For any fan of Japanese pop culture, the clips from the alleged original series (Zebraman's theme song! His kicking and punching technique! His stylish guitar-strumming in his alternate existence as a beloved, joke-cracking schoolteacher!) are positively to die for. As usual with Miike, the overall film is hit and miss -- and the digital transfer I watched was pretty crappy -- but the brilliance of the concept here more than makes up for the sloppy moments and purposeful obscurity. Zebraman is aided by a lovable kid in a wheelchair and a comely single mom (who appears in Shinichi's dreams as the sexed-up Zebranurse!), and even if this is clearly pastiche it has a gentleness you definitely can't find in "Audition" or "Ichi the Killer." Zebra screw-kick! Striping evil! (Now playing at the Pioneer Theater in New York. May play other cities; DVD release will follow.)
I could complain about a world where Miike is vastly better known, even among film buffs, then is Italian director Davide Ferrario, but A) there's no point, and B) it's dumb to act like you can't enjoy both of them. Ferrario is something of a lone wolf in the murky landscape of contemporary Italian films; he isn't all that well known at home, let alone overseas. His films, both narratives and documentaries, are dryly amusing and fueled by intellectual curiosity. In Ferrario's newest, he follows the legendary journey of writer Primo Levi after his 1945 liberation from Auschwitz, walking 1,000 miles from central Poland to northern Italy.
It's a haunting and disorienting film that bounces from place to place and era to era.
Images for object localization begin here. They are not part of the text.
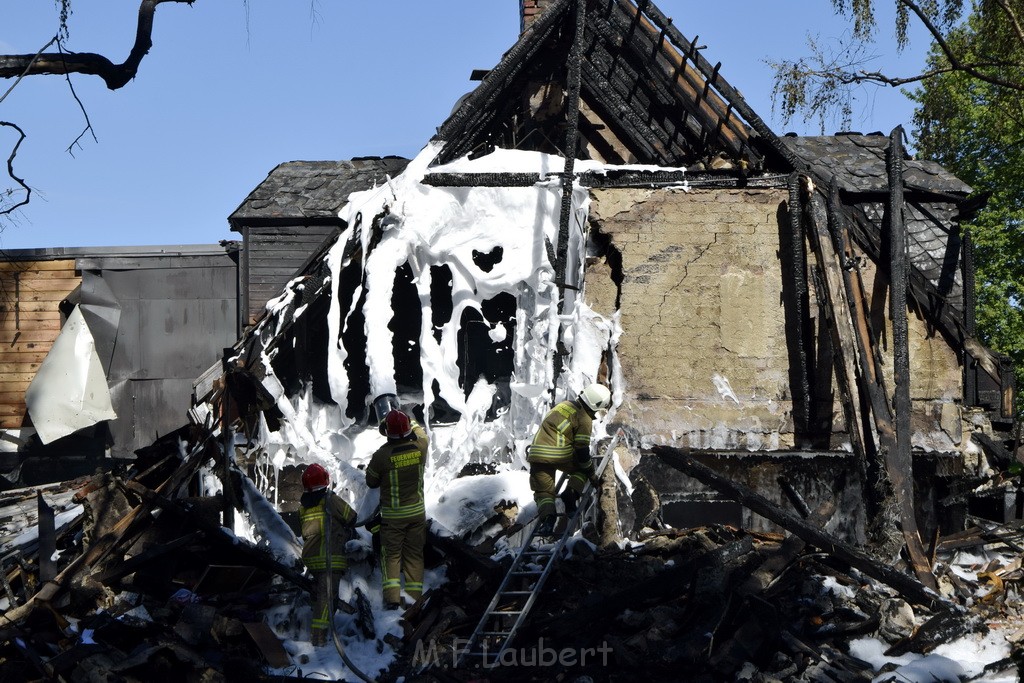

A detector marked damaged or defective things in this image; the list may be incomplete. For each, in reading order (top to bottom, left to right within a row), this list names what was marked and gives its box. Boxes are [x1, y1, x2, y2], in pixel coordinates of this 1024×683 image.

burned house [216, 0, 1015, 557]
cracked brick wall [581, 187, 962, 454]
charred wooden beam [655, 446, 950, 610]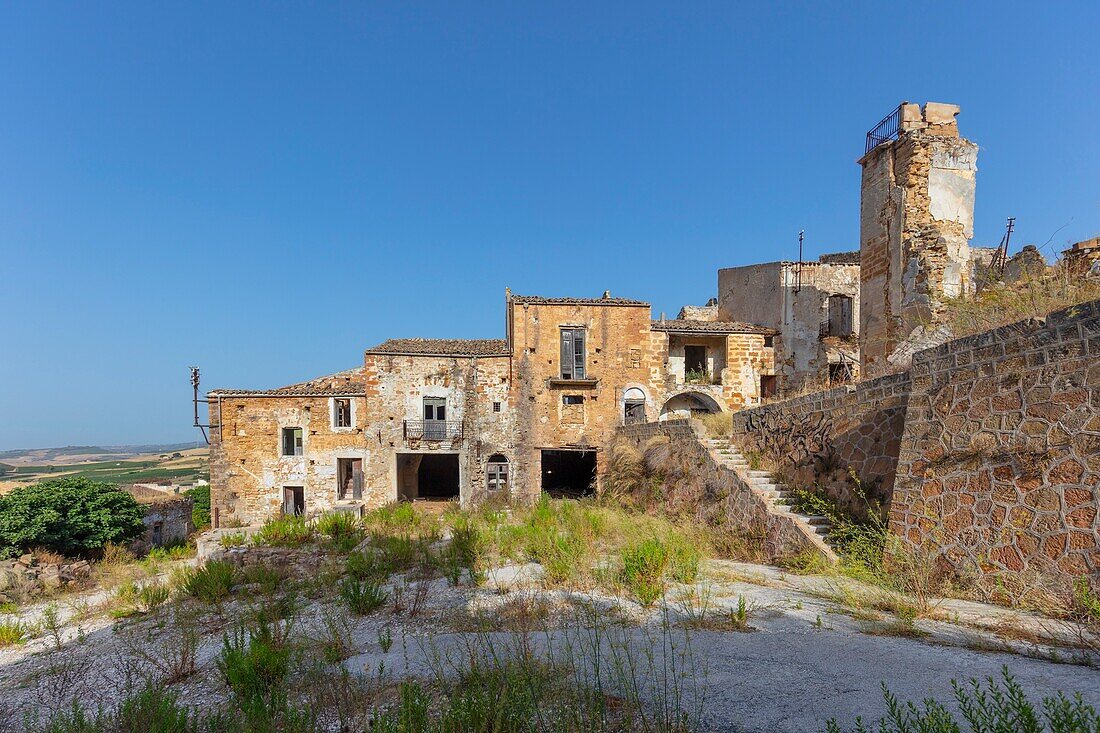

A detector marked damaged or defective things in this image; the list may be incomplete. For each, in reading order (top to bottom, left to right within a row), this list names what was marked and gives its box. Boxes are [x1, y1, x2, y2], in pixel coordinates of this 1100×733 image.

rusted balcony railing [872, 103, 904, 154]
broken window frame [560, 328, 588, 380]
broken window frame [332, 400, 354, 428]
broken window frame [282, 426, 304, 454]
rusted balcony railing [404, 418, 464, 440]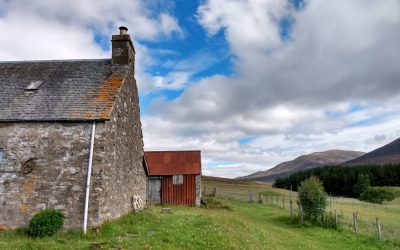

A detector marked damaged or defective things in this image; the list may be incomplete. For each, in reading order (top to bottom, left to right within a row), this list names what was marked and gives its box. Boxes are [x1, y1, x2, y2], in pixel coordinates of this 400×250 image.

rusted metal roof [0, 58, 129, 121]
rusted metal roof [144, 150, 202, 176]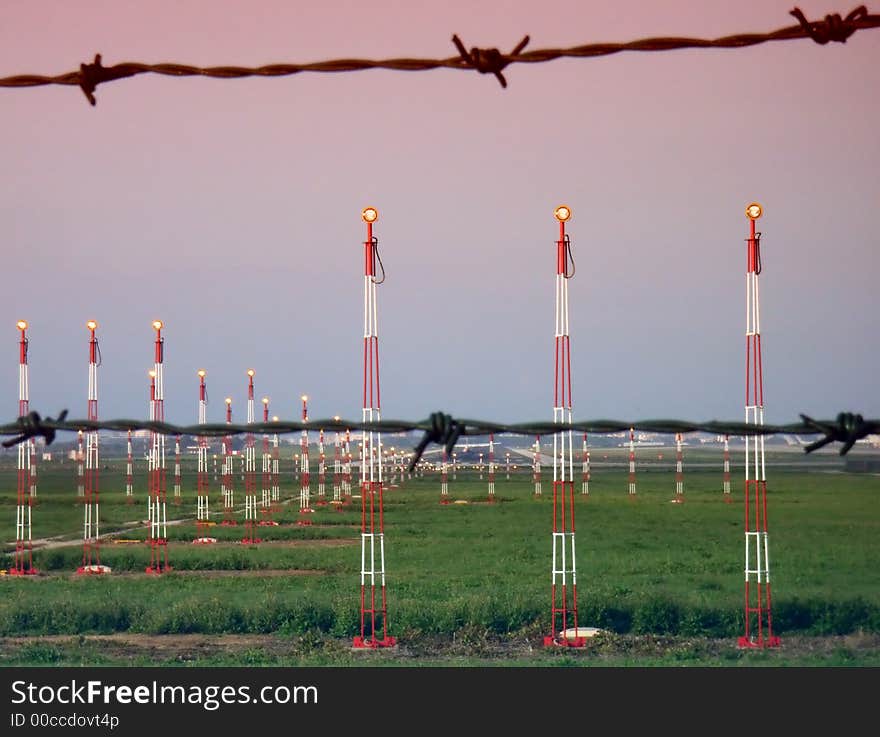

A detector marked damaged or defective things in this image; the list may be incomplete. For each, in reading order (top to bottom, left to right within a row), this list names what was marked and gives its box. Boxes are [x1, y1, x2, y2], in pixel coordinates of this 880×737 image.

We see historical footage of Levi himself, snippets of Soviet propaganda and a neo-Nazi rally in contemporary Western Europe. Ferrario travels from contemporary Ukraine (where thugs recently murdered a pop singer because of his choice of language) to the ghost towns around Chernobyl to a desperately awful touring zoo in Moldova, which is apparently the poorest country in Europe. He visits Belarus, a collectivized police state that seems virtually unchanged since the so-called end of communism. On the other hand, he also encounters an Italian millionaire who has moved his business to Hungary, and discovers that the open-air market where Levi once scavenged for food is now run by Chinese immigrants. "Primo Levi's Journey" is a profound meditation on the unevenness of history, reminding us -- as Faulkner once remarked -- that the past not only isn't dead, it isn't really past at all. (Opens Aug. 17 at the Quad Cinema in New York, with national release to follow.)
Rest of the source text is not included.